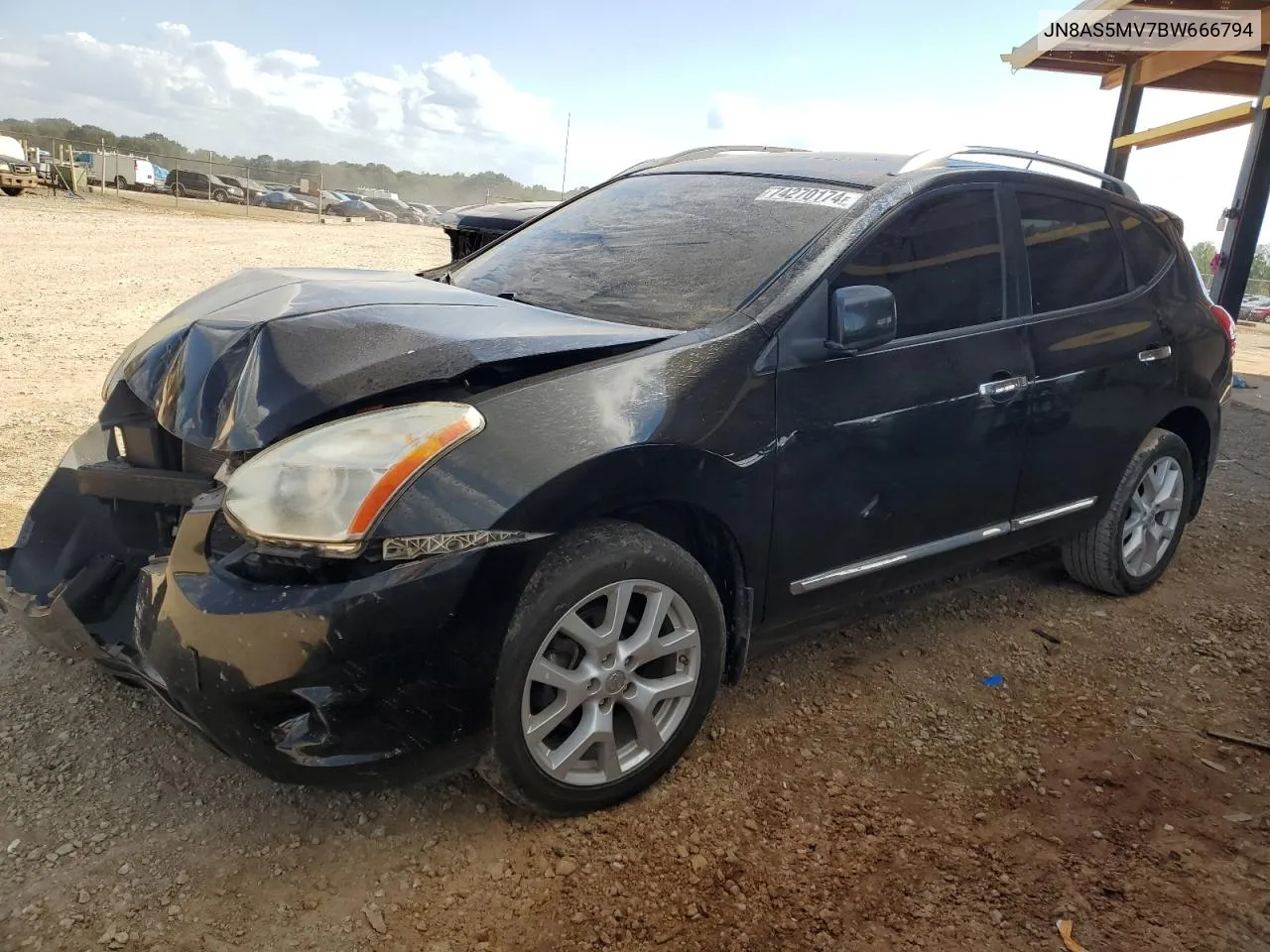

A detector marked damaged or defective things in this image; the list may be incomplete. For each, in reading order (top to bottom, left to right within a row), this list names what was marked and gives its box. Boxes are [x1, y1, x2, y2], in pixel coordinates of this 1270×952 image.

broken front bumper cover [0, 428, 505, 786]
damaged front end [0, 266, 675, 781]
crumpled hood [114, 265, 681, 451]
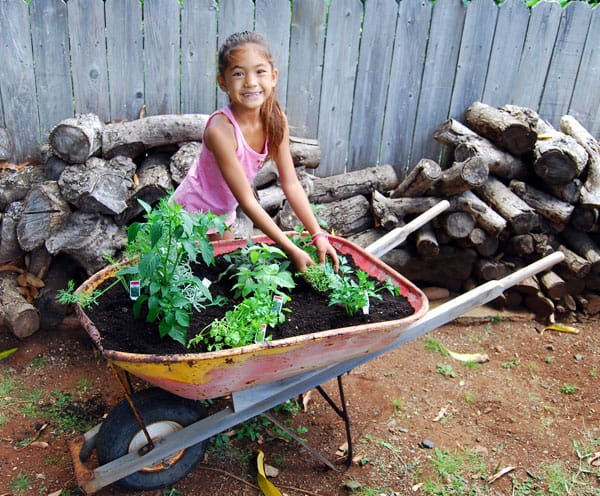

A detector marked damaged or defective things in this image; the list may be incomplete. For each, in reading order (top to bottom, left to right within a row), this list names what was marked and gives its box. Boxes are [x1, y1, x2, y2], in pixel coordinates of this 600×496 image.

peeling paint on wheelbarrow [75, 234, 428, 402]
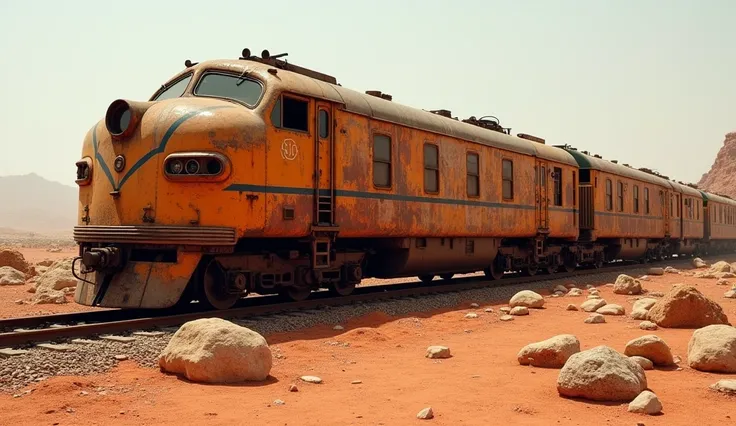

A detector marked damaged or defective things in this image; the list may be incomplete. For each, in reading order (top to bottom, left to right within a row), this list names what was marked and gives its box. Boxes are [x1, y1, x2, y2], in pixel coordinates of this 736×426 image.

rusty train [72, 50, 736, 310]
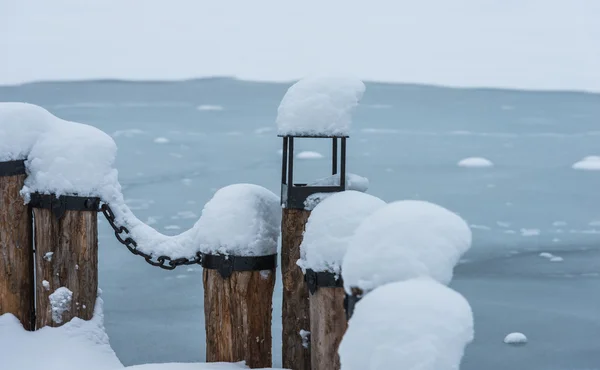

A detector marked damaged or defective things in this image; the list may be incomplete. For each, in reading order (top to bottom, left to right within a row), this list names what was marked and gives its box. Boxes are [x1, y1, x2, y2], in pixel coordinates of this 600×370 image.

--

• Exercise directions:
An acceptable answer holds exactly the lines from the one with "this 600×496 image." through the end of the entries above, both ends kept, and no pictures at all.

• Solution for this exercise:
A detector marked damaged or defective things in this image; the list may be incomplete. For each, in reading order (top to bottom, left to right within a row), this list names what was marked and gives its box. Boxes are [x1, y1, x2, y2], in pixel coordinates of this 600×496 image.

peeling paint on wheelbarrow [75, 234, 428, 402]

A detector marked damaged or defective things in this image; the list may be incomplete. For each, in reading order (top to bottom, left to right within a row), this list names what was marked and gives its box. Boxes are [x1, y1, x2, y2], in pixel coordinates of this 736×426 image.

rusty train [72, 50, 736, 310]

A detector marked damaged or defective things in this image; the list may be incomplete. For each, in reading order (top to bottom, left to right within a row), this list names what was marked and gives its box. Boxes are [x1, y1, x2, y2], in pixel coordinates of this 600×370 image.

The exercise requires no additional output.